His online speech to the World Economic Forum on Monday would have been fine if uttered by New Zealand’s Jacinda Ardern or some paragon of the West. Such implausible rhetoric from the mouth of the Wolf Warrior strongman crosses into parody.
It is hard for the Chinese leader to recapture the magic moment in 2017 when he swept into the sanctum sanctorum of globalist liberalism, cheered by star-struck delegates as the new champion of free trade and the guardian of the international order.
Everybody was shell-shocked by America’s retreat into bad-tempered isolationism. They were appalled by Donald Trump’s attacks on the global institutions, most of them created by Washington after the Second World War and managed with such success for 70 years.
“Pursuing protectionism is just like locking oneself in a dark room: wind and rain might be kept outside but so are light and air. China will keep its door wide open and not close it,” he told them.

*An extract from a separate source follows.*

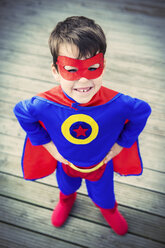 High angle view of superhero boy with hands on hips - CAIF13975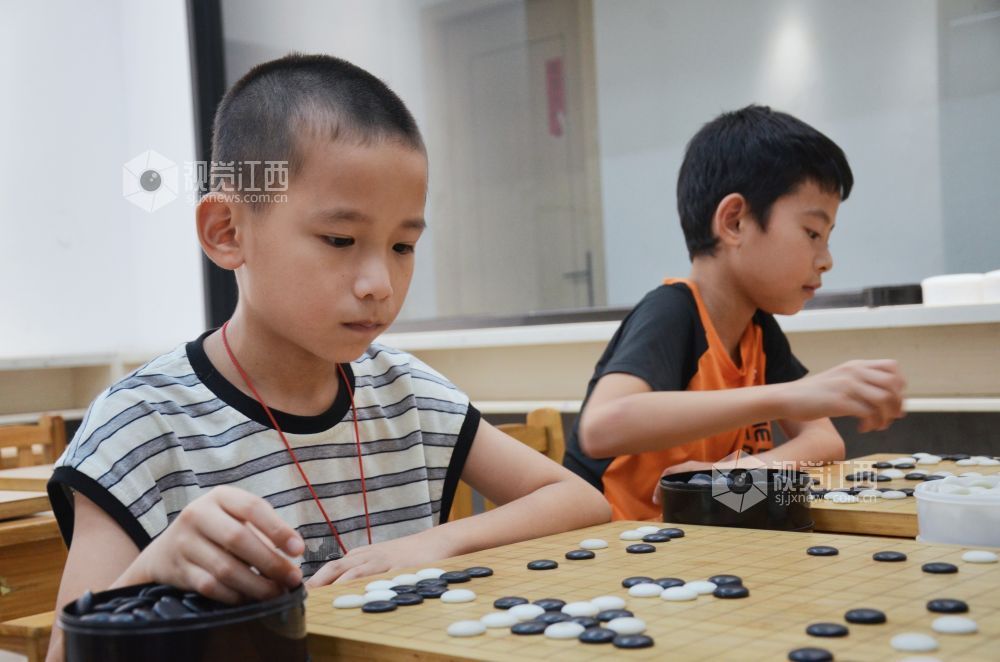 7月29日,江西省永新县欧洲城博卡棋院内,孩子们正在下围棋。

China would not do as others and “bend the rules as they see fit”, or “walk away from their commitments”, or “blame globalisation for the chaos of our world”. The gullible loved it. The better-informed winced.
This time one can only imagine how Xi’s digital pieties are being received. His speech had all the usual catchphrases: “The strong should not bully the weak, or threaten and intimidate others.”
He extolled the UN Charter and pledged to be a “resolute champion of the international rule of law”, lest the world “falls back to the law of the jungle”. And, as always, China will strive to build a “beautiful world”.